= Caption-style text data =
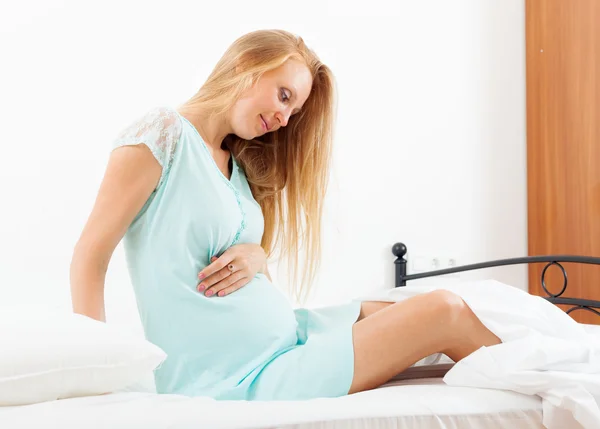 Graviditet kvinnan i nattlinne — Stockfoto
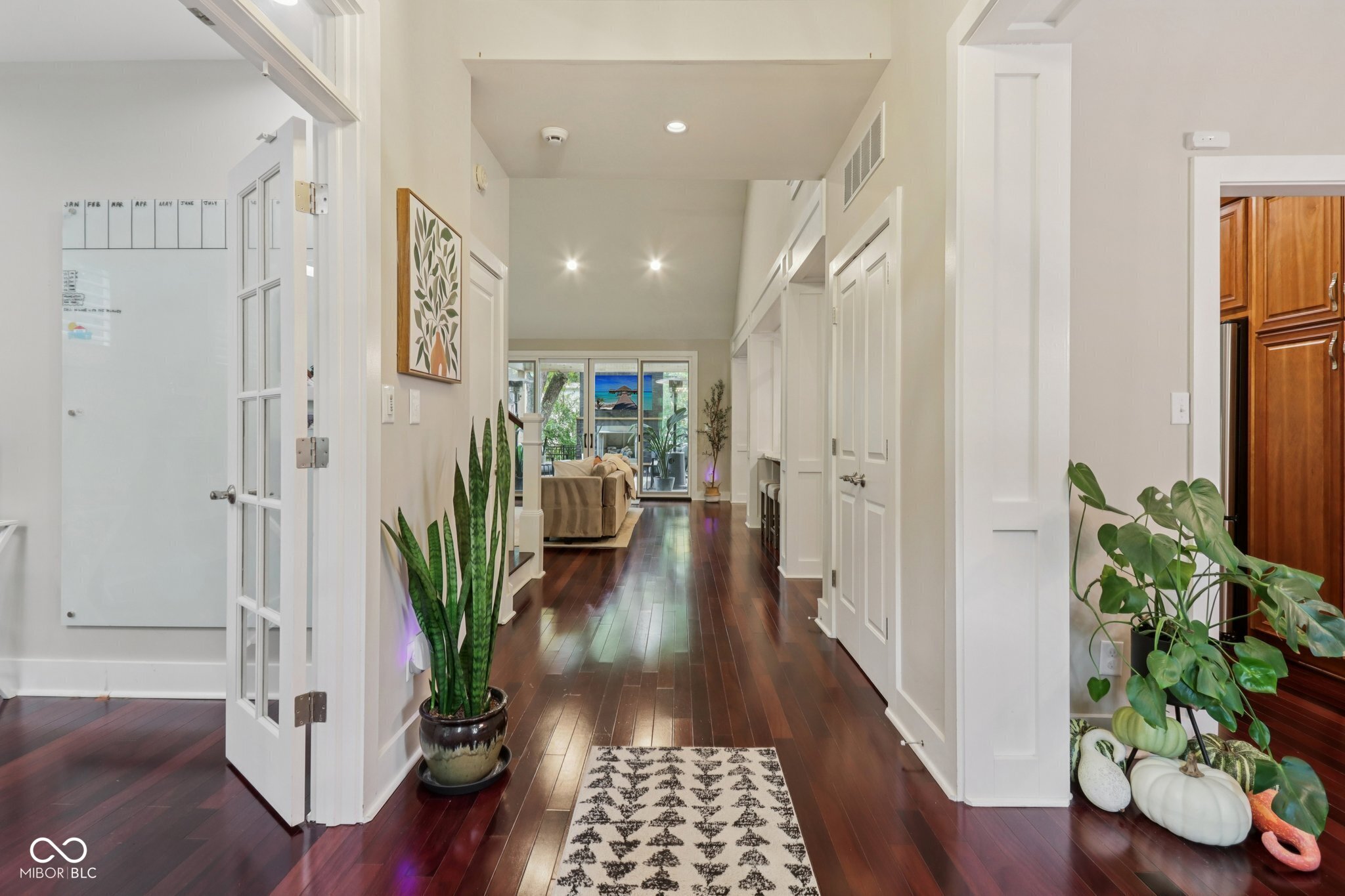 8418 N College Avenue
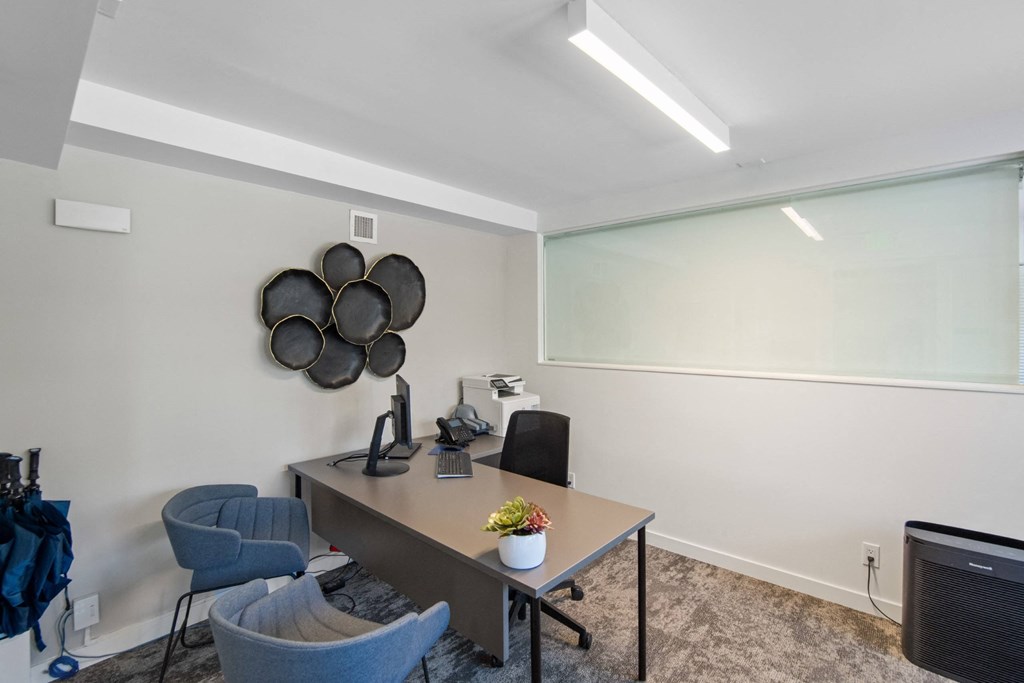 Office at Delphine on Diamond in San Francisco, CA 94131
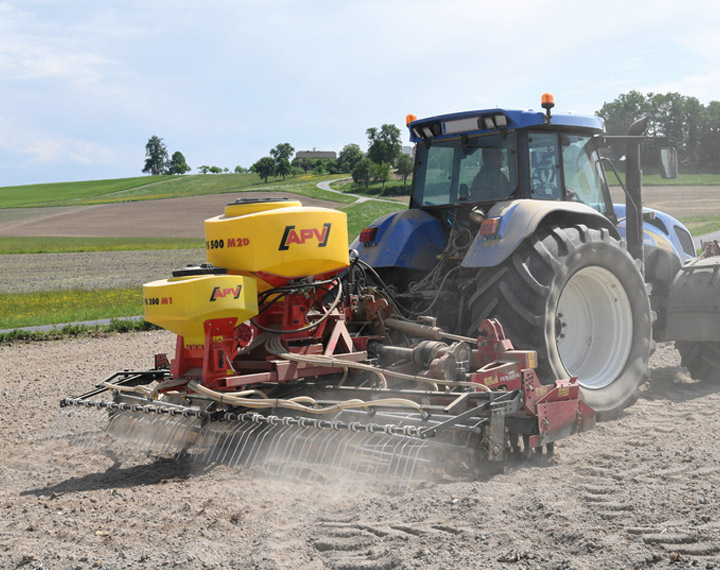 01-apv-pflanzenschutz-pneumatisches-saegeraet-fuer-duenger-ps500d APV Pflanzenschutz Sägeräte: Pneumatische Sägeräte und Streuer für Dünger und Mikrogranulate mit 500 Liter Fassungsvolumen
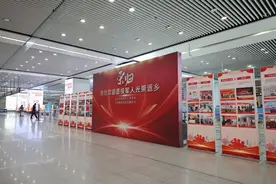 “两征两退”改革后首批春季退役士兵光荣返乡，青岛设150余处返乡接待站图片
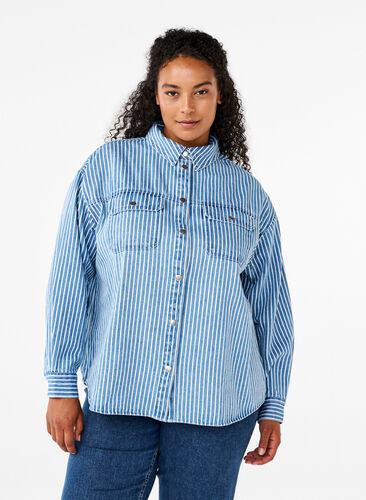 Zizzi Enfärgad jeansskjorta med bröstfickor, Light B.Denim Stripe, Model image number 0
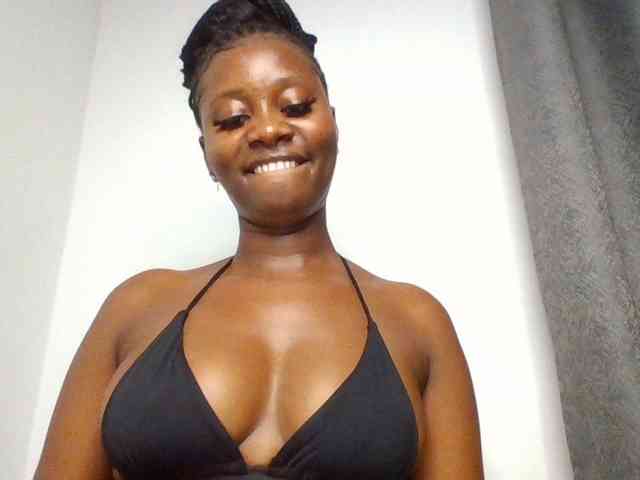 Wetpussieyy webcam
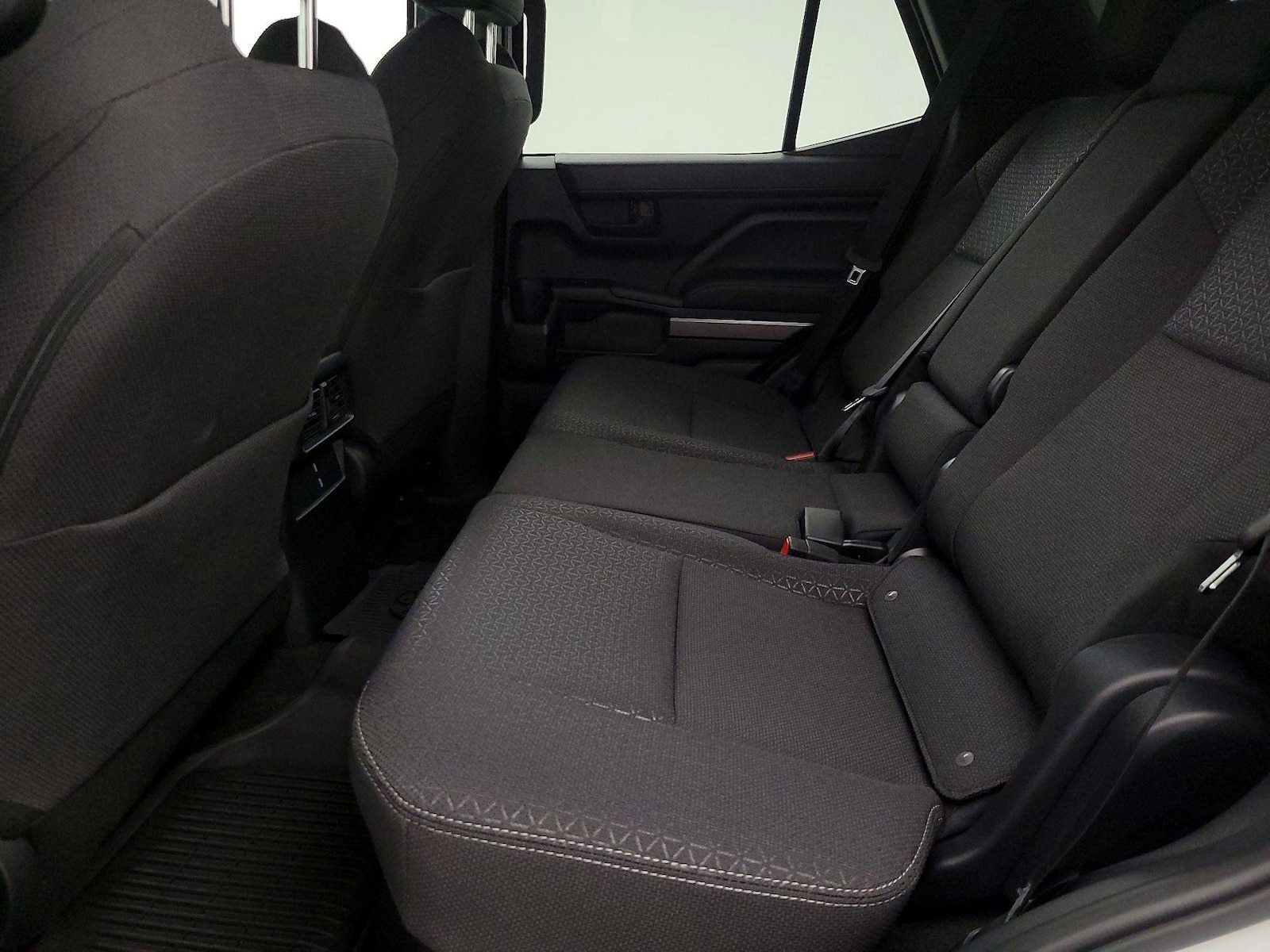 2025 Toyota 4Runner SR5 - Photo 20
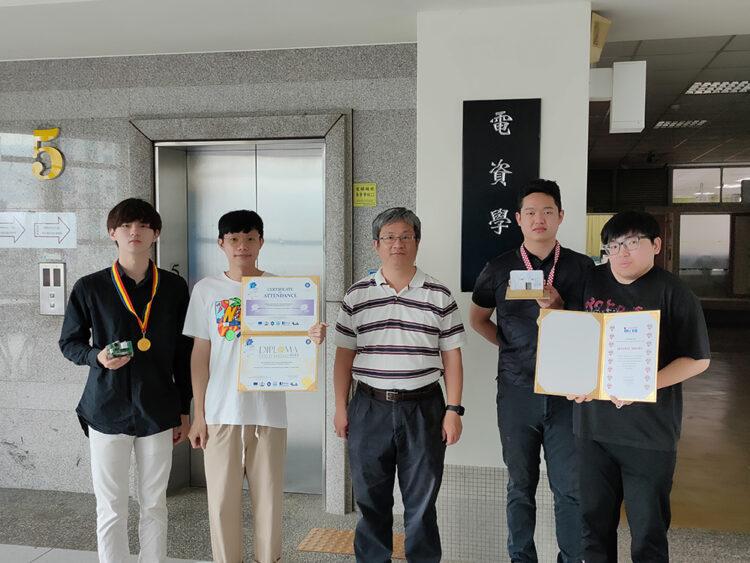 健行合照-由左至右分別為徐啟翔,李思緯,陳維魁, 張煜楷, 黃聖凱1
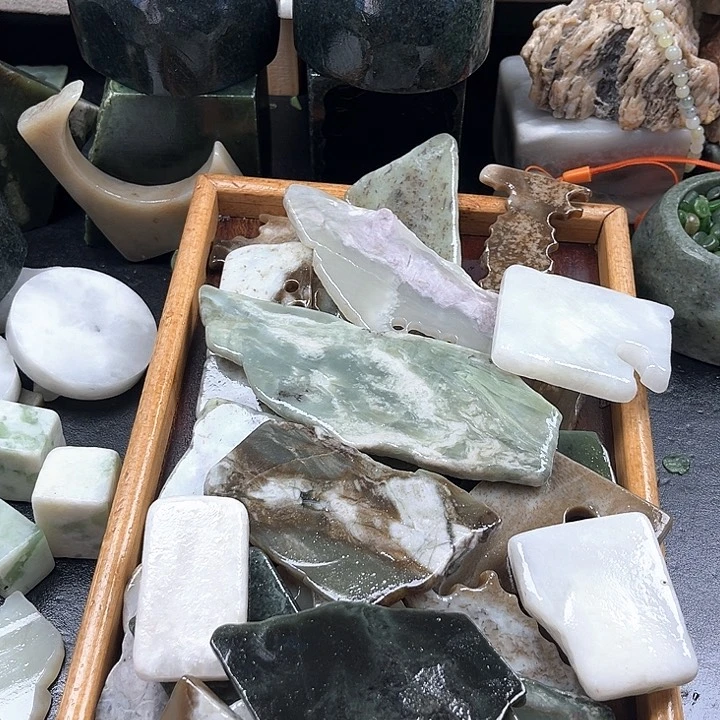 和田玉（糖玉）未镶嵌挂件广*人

= What the task asks =
Restate the lines of the records exactly, starting at the first and stopping after the line with "2025 Toyota 4Runner SR5 - Photo 20". Leave out any picture.

= Response box =
 Graviditet kvinnan i nattlinne — Stockfoto
 8418 N College Avenue
 Office at Delphine on Diamond in San Francisco, CA 94131
 01-apv-pflanzenschutz-pneumatisches-saegeraet-fuer-duenger-ps500d APV Pflanzenschutz Sägeräte: Pneumatische Sägeräte und Streuer für Dünger und Mikrogranulate mit 500 Liter Fassungsvolumen
 “两征两退”改革后首批春季退役士兵光荣返乡，青岛设150余处返乡接待站图片
 Zizzi Enfärgad jeansskjorta med bröstfickor, Light B.Denim Stripe, Model image number 0
 Wetpussieyy webcam
 2025 Toyota 4Runner SR5 - Photo 20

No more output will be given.